802 Covid cases confirmed in 48 hours after HSE cyberattack

802 Covid cases confirmed in 48 hours after HSE cyberattack

No figures for Covid-19 cases numbers were released after the cyberattack compromised the HSE's IT services.  Picture: Colin Keegan, Collins Dublin

Health officials confirmed two days worth of Covid-19 case numbers this afternoon on social media after a cyberattack disrupted IT systems and the HSE's email communications. 

Altogether, the Department of Health confirmed 802 cases of the coronavirus in the last 48 hours along with no reported Covid-related fatalities. 

Friday saw 447 confirmed cases followed by 355 cases on Saturday.

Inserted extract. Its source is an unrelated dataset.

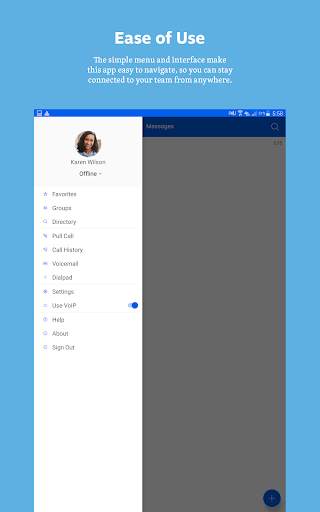 Nextiva App screenshot 12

The Department confirmed earlier today that it was also the victim of a cyberattack similar to the hack that has paralysed the HSE compromised systems significantly. 

109 patients are receiving treatment for the virus with 42 of them in intensive care. 

Vaccinations unchanged

The Department said that these figures are open to further change due to future case numbers being reported in the intervening period. 

Covid-19 vaccinations remain unaffected by the cyberattack with the appointments continuing across the country. The appointment registration system is also still in operation.  

Chief Clinical Officer Dr Colm Henry said people in their 40s should be able to register for a vaccine shortly with vaccination to begin this month and continue through June. 

However, a huge number of hospital services have been disrupted including oncology, maternity, and pharmaceutical services. 

Health Service Impact

Yesterday in clinical advice issued to the health service, Dr Henry said the attack on the HSE's IT system could see stocks of critical medicines run out and could affect cancer treatments and could delay critical stroke treatments. 

Clinicians have been told that all diagnostics requests must or should be urgent and immediately required and that requests for examination and samples for lab analysis should be limited to those which are time-sensitive and essential.

The process to recover the HSE's IT system after the attack is ongoing but is expected to be very slow and gradual. Speaking on Newstalk, HSE chief operations officer Anne O'Connor said "the reality" is much of the system is still down.

"Where we're at, at the minute, is that we have between yesterday morning and this morning found that we do have some clean backup data available to be able to rebuild our servers from.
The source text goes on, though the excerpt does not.